The Washington Post: Pakistan Police Say Gunmen Attack Security Vehicle, 5 Killed

“Pakistani police say gunmen have ambushed a security force vehicle in Punjab province, killing five people. Police spokesman Kaleem Qureshi says dead were two police officers, two intelligence officers and an informant. He said they came under attack late Sunday while en route to raid a militant hideout in the Arbi Tabba area of Rajanpur district. No one immediately claimed responsibility for the attack. But the area borders southwestern Baluchistan province, which has been the scene of a low-level insurgency by Baluch separatist groups.

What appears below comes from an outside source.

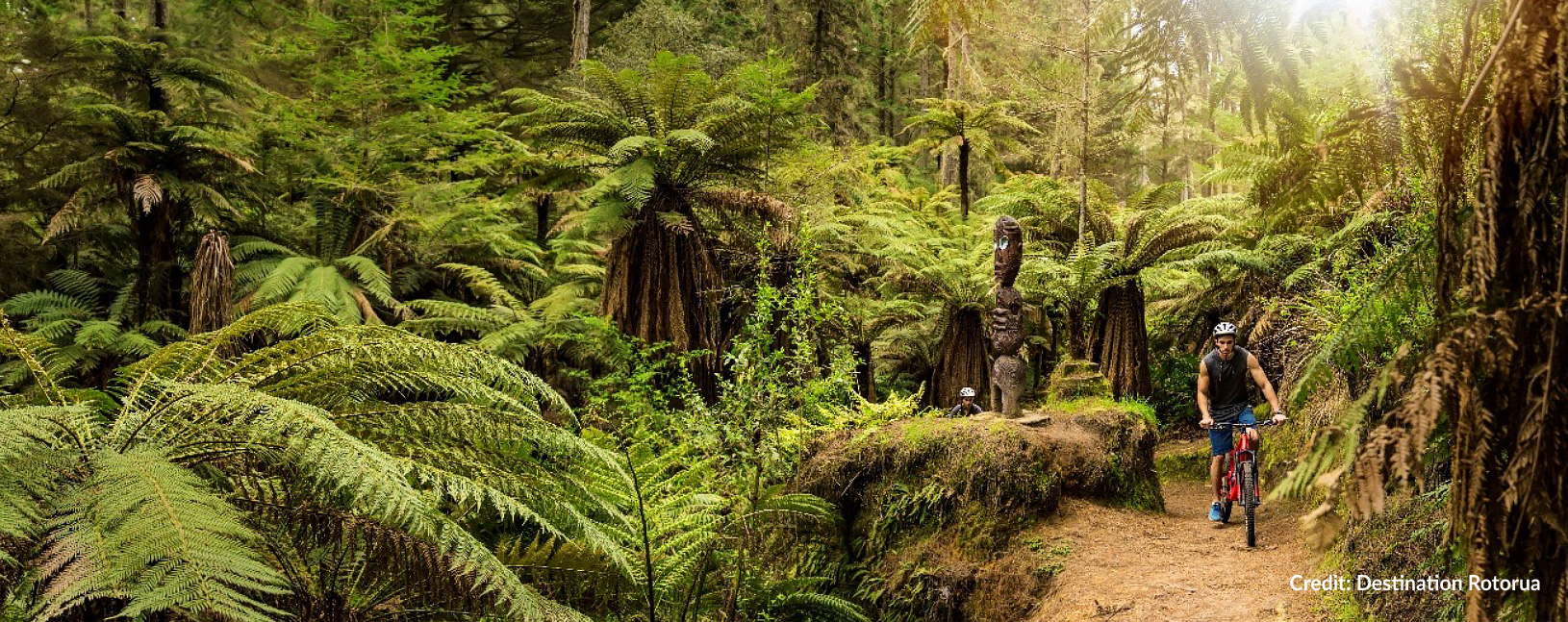 Rotorua - New Zealand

Islamist militants also operate in the region.”


Hurriyet Daily News: Ex-Hezbollah Leader Slams Iranian Supreme Chief

“Former Secretary-General of Lebanon's Shia Hezbollah movement criticized Iran's supreme leader on Nov. 10 for being behind corruption in Lebanon and Iraq, where anti-government and corruption protests are ongoing. Subhi al-Tufayli, speaking to Arab and social media, delivered remarks on recent mass protests held in Lebanon and Iraq. Al-Tufayli said at least 250 people were killed and more than 11,000 were injured in Iraq, according to official figures and alleged the deaths were caused by the men of Ali Khamenei, the supreme leader of Iran. He went on to say that the peaceful demonstrators in Lebanon were attacked by supporters of Hezbollah and Amal Movement, and claimed the aggressors were affiliated with the Iranian supreme leader. He alleged that Iranian-backed groups in Lebanon have been responsible for injustice and looting in Lebanon since 1972. and that Khamenei spent money to buy media outlets in his favor during the Syrian civil war.”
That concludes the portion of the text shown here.